In 2000, I participated in a panel created in response to a request from U.S. President Bill Clinton to examine internet voting. My initial reaction was: What a great idea! I could vote while drinking a cup of coffee in the morning or sipping a glass of wine in the evening – or any time in between. Fortunately, there were others on the panel who had thought more deeply about the computer security implications of internet voting and very quickly realized that internet voting is a very hazardous idea. Our panel, which consisted of election officials, social scientists, and computer scientists, issued a report in 2001 that recommended against internet voting. The threats that generated our negative recommendations have not changed. If anything, the internet is now a more dangerous place than it was back then.

There are still many people who, like me back in 2000, ignore the security threats of internet voting. While online voting is often advocated as a way to increase voter participation, important concerns about security are often downplayed as no longer relevant. A closer look at the facts can help debunk some popular myths and reveal serious vulnerabilities related to online voting today.
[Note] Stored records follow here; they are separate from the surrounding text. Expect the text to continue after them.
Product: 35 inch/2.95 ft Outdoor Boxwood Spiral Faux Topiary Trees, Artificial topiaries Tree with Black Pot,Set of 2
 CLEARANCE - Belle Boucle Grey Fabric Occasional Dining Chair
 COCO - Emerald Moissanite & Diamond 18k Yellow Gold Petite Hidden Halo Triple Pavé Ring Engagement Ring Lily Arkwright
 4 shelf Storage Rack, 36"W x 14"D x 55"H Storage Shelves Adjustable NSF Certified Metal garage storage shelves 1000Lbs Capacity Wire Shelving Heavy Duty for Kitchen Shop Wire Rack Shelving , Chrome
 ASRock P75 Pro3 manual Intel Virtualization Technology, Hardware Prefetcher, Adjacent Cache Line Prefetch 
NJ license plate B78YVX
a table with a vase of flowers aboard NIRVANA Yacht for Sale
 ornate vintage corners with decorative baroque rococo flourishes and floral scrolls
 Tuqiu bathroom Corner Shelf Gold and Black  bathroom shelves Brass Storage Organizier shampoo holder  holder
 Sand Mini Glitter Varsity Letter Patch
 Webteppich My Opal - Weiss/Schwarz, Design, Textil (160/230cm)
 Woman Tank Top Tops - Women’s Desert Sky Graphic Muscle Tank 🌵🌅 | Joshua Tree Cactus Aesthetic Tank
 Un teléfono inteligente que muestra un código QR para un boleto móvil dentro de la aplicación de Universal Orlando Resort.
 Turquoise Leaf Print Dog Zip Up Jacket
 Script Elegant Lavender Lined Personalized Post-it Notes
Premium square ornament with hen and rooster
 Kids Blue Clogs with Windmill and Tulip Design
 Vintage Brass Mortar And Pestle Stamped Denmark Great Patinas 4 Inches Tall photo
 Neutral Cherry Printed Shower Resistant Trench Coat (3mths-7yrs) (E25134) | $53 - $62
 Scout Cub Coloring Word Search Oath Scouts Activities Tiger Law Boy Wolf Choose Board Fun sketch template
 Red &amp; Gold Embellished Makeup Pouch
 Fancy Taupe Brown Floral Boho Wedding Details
Internet Voting Does Not Increase Voter Participation

Let’s first consider claims about increased voter participation. A study shared by Chris Bantock in the February 2016 issue of Municipal World (“Impact of Online Voting”), for example, examined first time usage of online voting; however, that study did not consider the “novelty” factor that can occur when online voting is first introduced. The conclusions ran contrary to findings of a far more extensive study, conducted by Elections British Columbia, which was not limited to first time usage alone. The study’s independent panel consisted of the Chief Electoral Officer and four additional members, who met 13 times, and heard from over 100 individuals and experts. Their results, published in 2014, dispel the myth that internet voting increases voter participation in general and participation by young people in particular:

While there have been some internet voting elections where voter turnout has increased, when other factors such as the apparent closeness of the race and interest in particular contests (e.g., a mayoral election without an incumbent) are taken into consideration, research suggests that internet voting does not generally cause non-voters to vote. Instead, internet voting is mostly used as a tool of convenience for individuals who have already decided to vote.1

In addition, when examining internet voting in Markham, which has the longest running deployment in Ontario, the number of total users hit a plateau of approximately 11,000 in 2006 and has remained stagnant since. The B.C. study also concluded that internet voting is most popular among middle-age voters and least popular among young people, thereby reflecting traditional voter turnout demographics. These results contradict the widely-expressed belief that internet voting will lead to increased participation by youth.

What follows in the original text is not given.